Un’impressione immediata di molti, vedendo in televisione il Papa scendere dall’autobus con la valigetta in mano e dirigersi con gli altri prelati della Curia romana verso il luogo degli esercizi spirituali, è che stiano “perdendo tempo”. Mentre il mondo è in fiamme per le stragi, le violenze, la paura e la disperazione, questi fortunati ecclesiastici si prendono una settimana tutta per loro, tranquilli e silenziosi in aristocratico “ozio”, serviti e riveriti. Leggiamo però che il predicatore, padre Bruno Secondin, nella predica pomeridiana di lunedì ha usato parole forti, incastonate in pagine bibliche, apostrofando i presenti con un “giù la maschera!”. Il buon religioso carmelitano, studioso di spiritualità, si sarà sentito in dovere di non essere da meno del forte richiamo che Papa Francesco aveva fatto alla Curia romana il 22 dicembre scorso in occasione degli auguri natalizi, proponendo un elenco di “quindici malattie” dello spirito, che ha destato anche qualche malumore.
E allora si deve trovare una ragione di tutto. Che è da ravvisare – oltre al richiamo rivolto ai singoli – in una proposta a largo respiro, una strategia di conversione spirituale e morale collettiva, volta a riscoprire la verità più profonda di se stessi: togliere ogni ambiguità ed equivoco dalla propria vita, riprendere in mano la situazione della propria esistenza, e prendere atto della validità o meno dei propri comportamenti. Tolta la maschera, si potrà affrontare il prossimo “con sincerità e verità”, e sentirsi liberi e pronti ad ammonire, correggere, stringere relazioni costruttive, dare testimonianza e fare comunicazione nella società. Dopo aver fatto i conti con se stessi, si può innescare anche la lotta per un mondo migliore. Ciò vale anche per la Chiesa, che nei secoli è spesso scesa a compromessi con lo spirito mondano e con le logiche del tempo, di cui ha poi preso coscienza e rilasciato una sofferta confessione di colpa. Questo oggi deve essere anche un criterio non solo da suggerire, ma da pretendere a voce alta da chi di maschere ne ha una collezione, sempre pronto a tirare fuori quella utile per l’occasione in una società carnevalesca. Penso con tristezza all’ambito ecumenico e interreligioso, in cui ogni comunità tende ad apparire la migliore. Nel decreto conciliare sull’ecumenismo, ad esempio, si afferma che la divisione tra le Chiese è avvenuta non senza colpe da entrambe le parti. Ma le “seconde” parti questo non lo affermano, ritenendosi vittime innocenti. Invariabilmente si tende a considerare l’altro come quello che sbaglia, la causa di ogni storia negativa, anche in famiglia.

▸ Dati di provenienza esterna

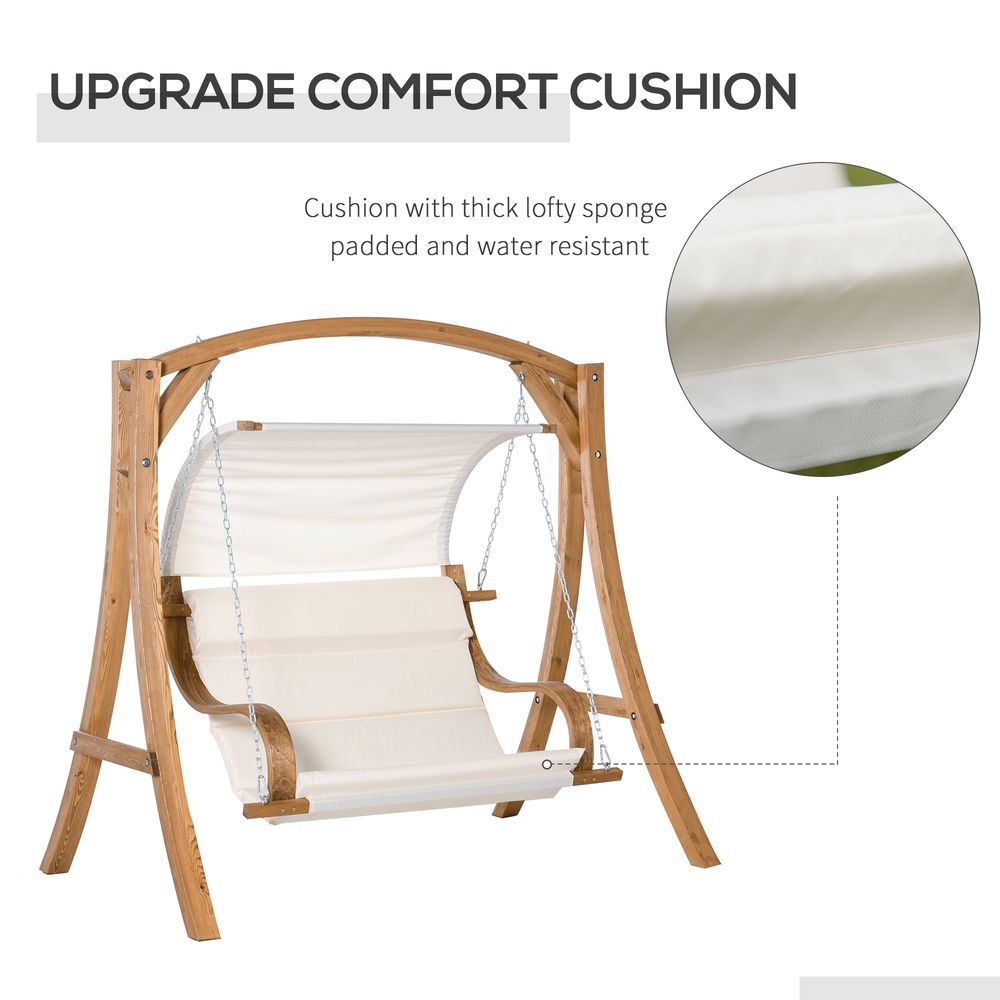 Outdoor Wooden Porch Swing Chair - A-Frame Wood Log Swing Bench - Best Quality & Comfort - Free Shipping!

Verrebbe da dire “giù la maschera” a quei politici che parlano di bene comune solo per fare il loro bene privato; di amore per la Patria quando in loro prevale l’attaccamento alla poltrona. In questi giorni è stato siglato l’accordo tra Italia e Svizzera per eliminare il segreto bancario; per l’occasione si è parlato di persone che hanno evaso il fisco per milioni di euro: tutte persone perbene, rispettate e corteggiate, ben coperte dalla maschera dell’onorabilità… e si potrebbe continuare l’elenco. Questo discorso fatto in tempo di Quaresima – che dovrebbe avere archiviato il carnevale – è rivolto a tutti, e serve per ricordare che solo nella verità, sincerità e onestà intellettuale e morale si costruisce “la vita buona del Vangelo”, e una società degna di essere abitata e sostenuta in un cammino di progresso. Una settimana di esercizi spirituali per una “revisione” della propria vita può avere un significativo impatto sociale.